Follow me @teguhspambudi

Friday, June 8, 2012

Kuncinya: Kompetensi Inti

Share this history on :




Penjualan Samsung Galaxy S 3 yang laris manis mengingatkan peristiwa sekitar tahun 1998. Saat itu saya baru punya handphone Samsung SGH 100 dengan membeli kartu perdana Telkomsel Rp 500 ribu dan persyaratan KTP serta tetek bengek lainnya. Beda betul dengan jaman sekarang yang begitu gampang beli kartu perdana. Dengan harga murah pula: Rp 5000.

Tapi bukan itu isunya. Waktu itu Samsung baru muncul. Sang Raja adalah Nokia. Saya ingat seorang kawan yang pegang Samsung karena fasilitas kantor diminta segera mengganti ponselnya oleh seorang distributor Nokia. Tak cuma meminta untuk mengganti, sang distributor malah langsung membawa ponsel Nokia. “Nih Mas. Ini baru handphone. Apa itu Samsung? Samsung kan kulkas, tv. Bukan handphone,” begitu katanya.
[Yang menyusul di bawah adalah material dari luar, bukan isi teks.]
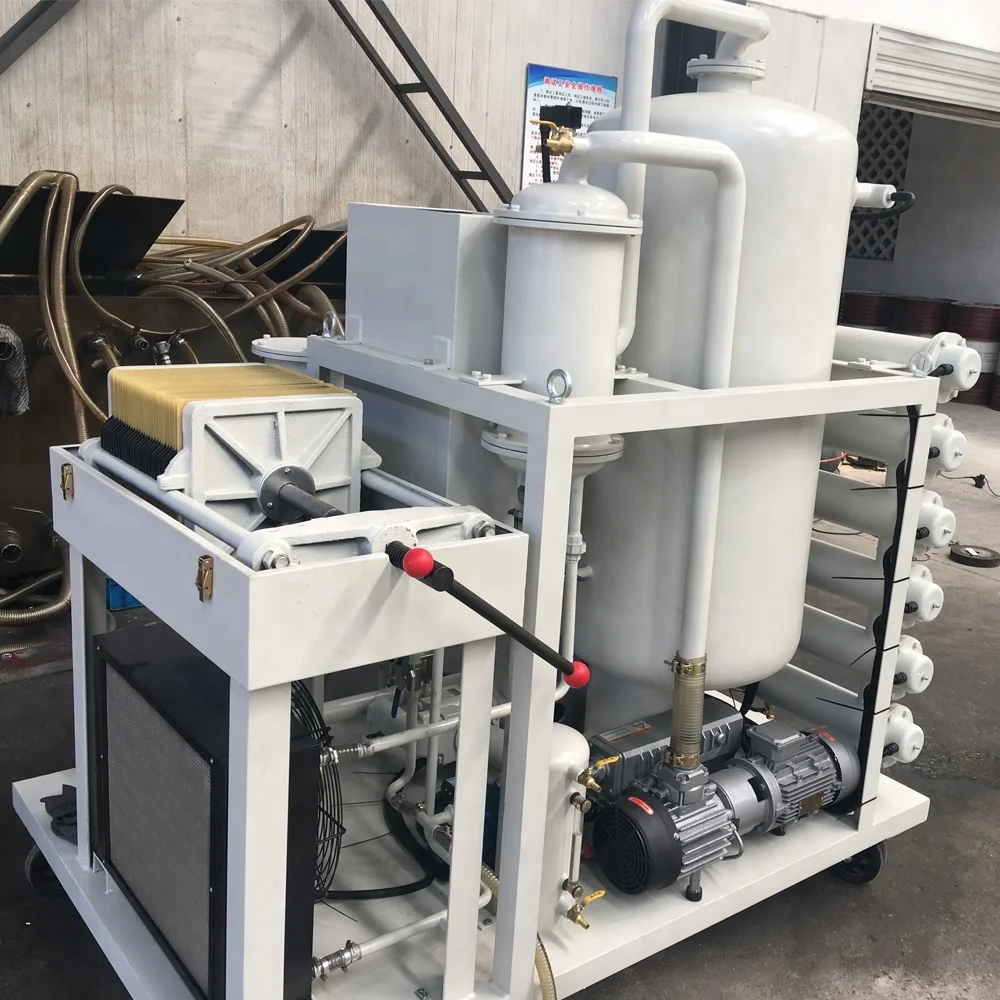 Waste Used Machinery Hydraulic Transformer Oil Recycling Recyclers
Jaman berganti. Sekarang siapa yang berani bilang seperti itu?

Tapi Samsung memang awalnya diremehkan. Sea Jin-Chang, dalam bukunya yang menarik, Sony vs Samsung (2008), mencatat bahwa sampai awal 1990-an, Samsung Electronics hanyalah sebuah perusahaan asal Asia yang tidak jelas. Perusahaan yang berdiri pada 1969 sebagai anak usaha Samsung Group ini cuma dikenal sebagai eksportir produk OEM yang sifatnya generik, bahkan penghasil produk memancing yang dijual ke toko-toko diskon seperti Sears, Wal-Mart, dan K-mart.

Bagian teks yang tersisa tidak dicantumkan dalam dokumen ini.